_WHAT YOU NEED TO DO_
For this exercise, the lines from the one with "I got most of" through the final line of the data below are to be transcribed exactly, and pictures are to be skipped.

_DATA BELOW_
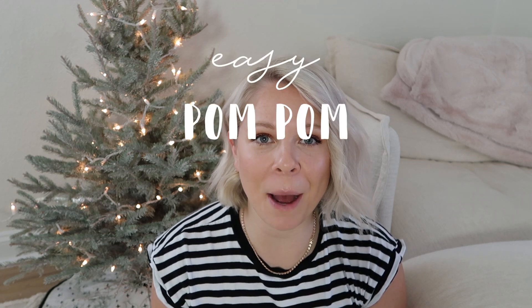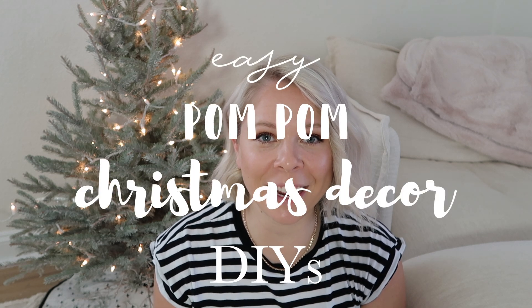Hey guys, welcome back to my channel. My name is Megan and as promised I do have some fun Christmas DIYs. This first one is going to be some really easy pom-pom Christmas decor DIYs. Everything is Anthropologie inspired, although not everything is available for purchase on anthropologie.com anymore — these are some things I've been seeing over the last few years and I think they're just super easy to make yourself rather than paying the money.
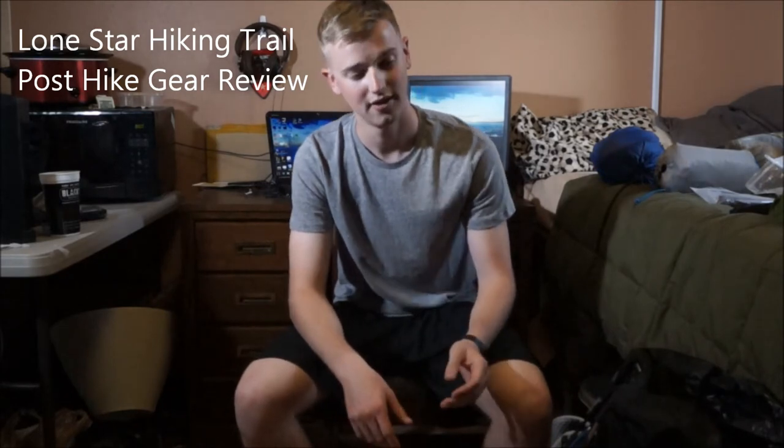Hey guys, Brian here. I just got done hiking the Lone Star Hiking Trail. I'm going to share with you what was in my pack. My hike was seven days, six nights with temperatures ranging from 40 to 85 degrees. Your pack might vary based on different aspects of your trip — temperature, length, water. There's a big one on the trail too, so just plan accordingly and do your own research.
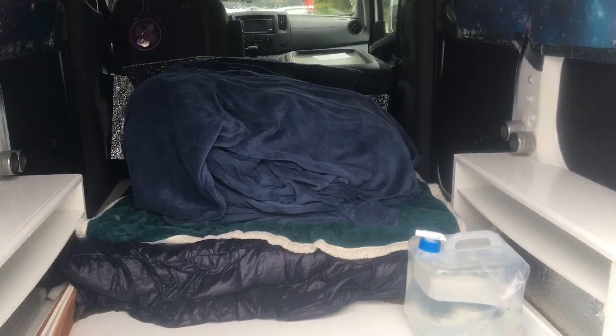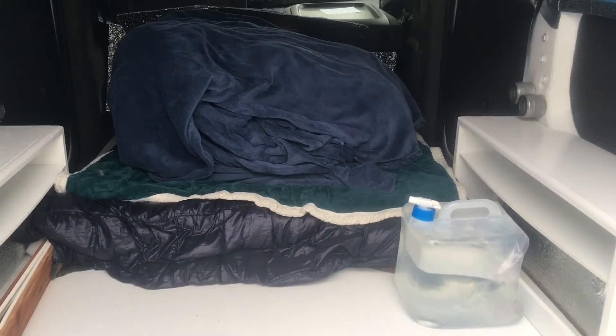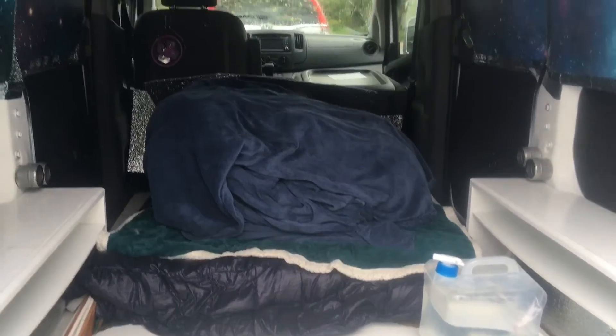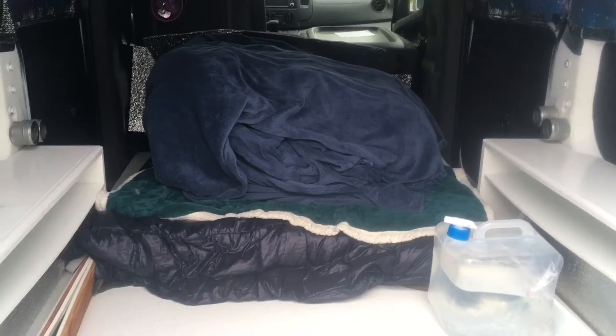I got most of the stuff out, but I'm going camping so I needed some stuff still. I got the bed platform out because a friend helped me, and I got it all serviced so the crazy scraping noise when I brake isn't happening anymore.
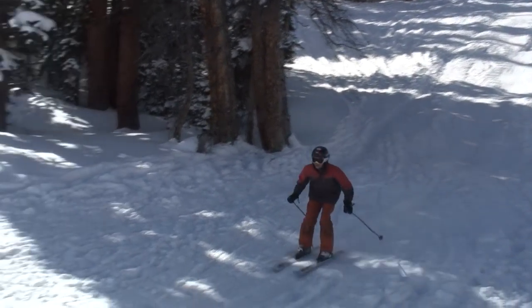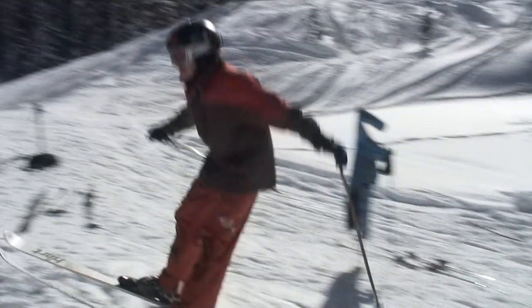Thanks for listening to another mogul skiing madness tutorial. This one will teach you how to do a 360.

_THE ANSWER_
I got most of the stuff out, but I'm going camping so I needed some stuff still. I got the bed platform out because a friend helped me, and I got it all serviced so the crazy scraping noise when I brake isn't happening anymore.
Thanks for listening to another mogul skiing madness tutorial. This one will teach you how to do a 360.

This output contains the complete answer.